Indonesia’s Ministry of Marine Affairs and Fisheries (MMAF) is expanding its global footprint for fishery products after securing agreements with Turkey’s Ministry of Agriculture and Forestry and China’s General Administration of Customs (GACC). This greenlights approval numbers for 57 proposed fish processing units (FPUs) submitted by the MMAF.
The issuance of these approval numbers now allows the 57 fishery businesses to export fish and other seafood products to Turkey and China, said Ishartini, head of the MMAF’s Marine and Fisheries Product Quality Control and Supervision Agency (Quality Agency), in a statement from Jakarta on Saturday (Feb. 21, 2026).
Ishartini noted that the Quality Agency moved swiftly to finalize deals with both countries. The submission process went beyond a simple list—it involved technical verifications and detailed questionnaires required by Turkish and Chinese authorities. This ensures all approved FPUs hold HACCP certification and meet rigorous standards for sanitation, hygiene, and food safety in fish production.
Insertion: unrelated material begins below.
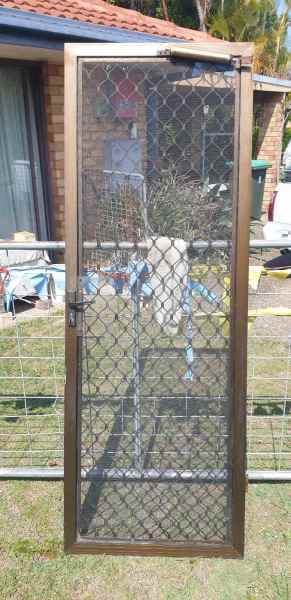 SCREEN DOOR 63439162642946111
Of the 56 FPUs proposed to Turkey, 52 have received approval numbers, with four still under verification. For China, all five proposed FPUs were approved outright, bringing the total to five units cleared by Chinese authorities, Ishartini added.
She emphasized the urgency of the Turkey approvals ahead of their new import system, the Approved Establishment System of the Republic of Türkiye (TROIS). Only approved companies listed in TROIS can export fish and fishery products there.
“Turkey represents a promising market for Indonesian seafood,” Ishartini said. In 2025, Indonesia’s top seven exports to Turkey included skipjack tuna, tuna, carrageenan, sardines, lemuru, octopus, and seaweed products, totaling 2,600 tons valued at $4.6 million (Rp78.6 billion).
Ishartini highlighted that Indonesia exports 1,080 types of fishery commodities to China. Last year’s exports to China reached 491,528 tons worth $1.04 billion (Rp17.46 trillion). The top 10 included frozen squid, Eucheuma cottonii seaweed, Gracilaria seaweed, frozen ribbonfish, dried Eucheuma cottonii, dried Gracilaria, Eucheuma spinosum, frozen leatherjacket fish, and frozen croaker fish.
MMAF Minister Sakti Wahyu Trenggono has repeatedly stressed the importance of quality assurance and diversification in the fisheries sector to sustain supply chains and production involving vast numbers of workers. Diversification covers both commodity types and export destinations.